Marvell’s path into the S&P 500 tracks the AI investment cycle almost exactly. The company designs custom chips for cloud providers looking to build alternatives to Nvidia’s supply-constrained processors.

Data center operations now generate 75% of Marvell’s revenue, up from less than 10% before the company pivoted toward that market, according to CEO Matt Murphy’s remarks at Computex.

The stock has more than tripled in 2026. A 29% gain in the week before the announcement alone was fueled partly by Nvidia CEO Jensen Huang calling Marvell “the next trillion-dollar company” at Computex on June 2.

Nvidia invested $2 billion in Marvell in March 2026 to co-develop networking and silicon photonics technology.

Marvell’s market capitalization stood at about $230 billion as of Friday’s close. The company forecast that its custom chip business would exceed $10 billion in annual revenue by fiscal 2029, per its most recent earnings report.

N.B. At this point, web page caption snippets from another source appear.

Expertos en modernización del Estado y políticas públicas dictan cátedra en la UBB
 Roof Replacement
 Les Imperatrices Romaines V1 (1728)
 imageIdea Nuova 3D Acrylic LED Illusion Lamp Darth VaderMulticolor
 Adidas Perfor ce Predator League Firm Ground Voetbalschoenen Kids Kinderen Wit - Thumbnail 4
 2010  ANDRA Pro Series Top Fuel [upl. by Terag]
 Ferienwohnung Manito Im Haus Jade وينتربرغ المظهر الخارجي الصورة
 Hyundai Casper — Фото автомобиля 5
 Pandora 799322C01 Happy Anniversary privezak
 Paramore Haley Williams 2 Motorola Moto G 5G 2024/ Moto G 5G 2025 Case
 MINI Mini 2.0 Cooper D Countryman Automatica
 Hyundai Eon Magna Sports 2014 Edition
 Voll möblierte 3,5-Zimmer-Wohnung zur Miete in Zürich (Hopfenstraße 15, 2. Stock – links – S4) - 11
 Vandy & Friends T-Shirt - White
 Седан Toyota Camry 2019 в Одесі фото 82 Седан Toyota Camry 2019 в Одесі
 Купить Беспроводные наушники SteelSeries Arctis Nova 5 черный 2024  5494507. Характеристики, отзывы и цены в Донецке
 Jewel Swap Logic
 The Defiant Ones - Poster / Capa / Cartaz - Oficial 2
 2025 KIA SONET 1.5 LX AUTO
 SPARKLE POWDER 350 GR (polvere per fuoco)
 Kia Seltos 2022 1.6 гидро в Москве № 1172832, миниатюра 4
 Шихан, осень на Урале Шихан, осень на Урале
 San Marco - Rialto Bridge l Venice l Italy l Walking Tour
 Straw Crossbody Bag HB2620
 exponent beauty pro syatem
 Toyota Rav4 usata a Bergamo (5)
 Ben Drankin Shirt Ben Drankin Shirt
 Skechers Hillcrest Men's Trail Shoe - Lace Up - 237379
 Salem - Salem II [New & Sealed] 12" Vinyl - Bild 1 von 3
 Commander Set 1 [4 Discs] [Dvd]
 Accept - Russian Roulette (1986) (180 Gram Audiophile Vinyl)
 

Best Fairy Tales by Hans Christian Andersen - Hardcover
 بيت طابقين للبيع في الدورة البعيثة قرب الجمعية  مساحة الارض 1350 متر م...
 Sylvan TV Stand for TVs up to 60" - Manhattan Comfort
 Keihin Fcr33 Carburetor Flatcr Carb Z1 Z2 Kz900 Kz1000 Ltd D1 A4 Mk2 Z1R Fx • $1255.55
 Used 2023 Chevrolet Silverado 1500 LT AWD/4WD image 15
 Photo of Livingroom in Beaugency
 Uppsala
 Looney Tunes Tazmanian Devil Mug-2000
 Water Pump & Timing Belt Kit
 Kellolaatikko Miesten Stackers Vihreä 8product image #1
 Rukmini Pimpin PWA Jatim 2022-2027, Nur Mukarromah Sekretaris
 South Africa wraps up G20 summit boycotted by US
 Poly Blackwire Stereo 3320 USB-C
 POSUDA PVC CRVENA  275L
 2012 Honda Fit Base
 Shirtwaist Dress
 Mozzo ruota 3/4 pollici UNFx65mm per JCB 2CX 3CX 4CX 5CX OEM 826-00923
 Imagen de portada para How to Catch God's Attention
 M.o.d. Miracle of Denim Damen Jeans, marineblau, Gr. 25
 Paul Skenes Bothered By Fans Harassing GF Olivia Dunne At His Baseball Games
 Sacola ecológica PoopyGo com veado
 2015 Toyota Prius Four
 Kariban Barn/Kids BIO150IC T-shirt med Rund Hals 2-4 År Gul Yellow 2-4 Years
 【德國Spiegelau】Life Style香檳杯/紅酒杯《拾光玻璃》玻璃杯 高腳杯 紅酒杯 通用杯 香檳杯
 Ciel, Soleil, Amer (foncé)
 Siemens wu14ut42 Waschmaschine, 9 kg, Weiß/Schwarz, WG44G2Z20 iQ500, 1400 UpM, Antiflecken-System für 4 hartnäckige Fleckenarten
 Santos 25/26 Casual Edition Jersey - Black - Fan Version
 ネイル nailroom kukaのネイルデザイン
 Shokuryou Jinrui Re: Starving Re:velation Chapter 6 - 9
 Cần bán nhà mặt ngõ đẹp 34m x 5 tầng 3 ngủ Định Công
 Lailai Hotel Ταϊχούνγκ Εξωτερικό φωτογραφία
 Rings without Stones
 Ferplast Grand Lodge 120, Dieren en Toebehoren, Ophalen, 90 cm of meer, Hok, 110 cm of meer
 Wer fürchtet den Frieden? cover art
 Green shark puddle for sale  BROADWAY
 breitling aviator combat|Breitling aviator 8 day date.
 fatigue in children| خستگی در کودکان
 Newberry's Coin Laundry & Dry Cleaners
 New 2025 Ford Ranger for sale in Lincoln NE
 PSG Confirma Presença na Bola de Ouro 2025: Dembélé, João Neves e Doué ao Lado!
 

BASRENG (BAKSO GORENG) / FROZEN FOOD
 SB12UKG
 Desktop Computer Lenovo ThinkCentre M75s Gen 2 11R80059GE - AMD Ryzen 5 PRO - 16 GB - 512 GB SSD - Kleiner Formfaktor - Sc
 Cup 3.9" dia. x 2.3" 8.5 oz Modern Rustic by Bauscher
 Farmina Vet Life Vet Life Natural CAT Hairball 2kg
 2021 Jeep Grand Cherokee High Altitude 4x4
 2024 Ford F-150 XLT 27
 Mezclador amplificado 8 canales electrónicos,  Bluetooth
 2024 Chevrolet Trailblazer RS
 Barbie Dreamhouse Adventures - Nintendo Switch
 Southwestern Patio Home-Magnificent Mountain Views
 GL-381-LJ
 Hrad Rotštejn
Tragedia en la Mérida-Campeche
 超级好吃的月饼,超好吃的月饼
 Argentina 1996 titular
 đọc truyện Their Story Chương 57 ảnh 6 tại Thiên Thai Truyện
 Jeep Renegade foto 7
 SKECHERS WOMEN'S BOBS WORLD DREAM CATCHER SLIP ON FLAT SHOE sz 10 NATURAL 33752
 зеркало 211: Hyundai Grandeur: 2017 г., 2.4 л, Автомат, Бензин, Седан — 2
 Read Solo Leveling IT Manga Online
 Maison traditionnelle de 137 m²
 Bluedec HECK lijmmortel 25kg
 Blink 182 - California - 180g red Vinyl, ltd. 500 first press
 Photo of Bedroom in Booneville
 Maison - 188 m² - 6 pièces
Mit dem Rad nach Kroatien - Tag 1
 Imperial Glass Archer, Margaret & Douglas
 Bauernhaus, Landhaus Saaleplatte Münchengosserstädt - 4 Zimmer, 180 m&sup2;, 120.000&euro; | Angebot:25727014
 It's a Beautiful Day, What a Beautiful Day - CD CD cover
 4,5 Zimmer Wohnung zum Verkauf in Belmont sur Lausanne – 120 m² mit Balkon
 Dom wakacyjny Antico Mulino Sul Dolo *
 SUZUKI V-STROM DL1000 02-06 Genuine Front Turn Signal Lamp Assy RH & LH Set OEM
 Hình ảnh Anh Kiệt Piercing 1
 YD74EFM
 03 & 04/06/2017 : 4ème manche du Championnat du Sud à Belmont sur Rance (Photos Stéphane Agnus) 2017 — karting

Why profitability remains the key barrier to S&P 500 entry for AI companies

The addition of Marvell illustrates the clash between AI-era valuations and the existing criteria for index inclusion. S&P Dow Jones recently held a public discussion on relaxing its eligibility requirements for large companies that go public.

On Friday, the same day it added Marvell, the index provider announced it would not change those rules.

This means companies such as SpaceX remain outside the index regardless of valuation. SpaceX is still private, and even after a listing it would face the profitability test: its IPO prospectus reported a net loss of $4.94 billion on revenue of $18.67 billion in 2025, as Cryptopolitan previously reported, a swing from a roughly $791 million profit in 2024 driven by the xAI merger. Marvell made a breakthrough where others could not by turning AI demand into GAAP profits.

Chip stock selloff highlights risks beneath the AI market boom

The announcement came amid the worst day for chip stocks in years. On Friday, the Philadelphia Stock Exchange (PHLX) semiconductor index tumbled 10.3%, its largest one-session loss since March 2020, after Broadcom’s quarterly report showed that custom AI chip sales fell short of expectations, Reuters reported.

Marvell itself lost about 17% in Friday’s regular session until the after-hours S&P 500 news reversed the move.

“The semiconductor sector was way overbought. That’s why we’re seeing the sell-off. I don’t think it’s the end of the bull market,” said Ohsung Kwon, chief equity strategist at Wells Fargo.

Contract manufacturer Flex will also join the S&P 500 in the same rebalancing, replacing Campbell’s, according to S&P Dow Jones Indices.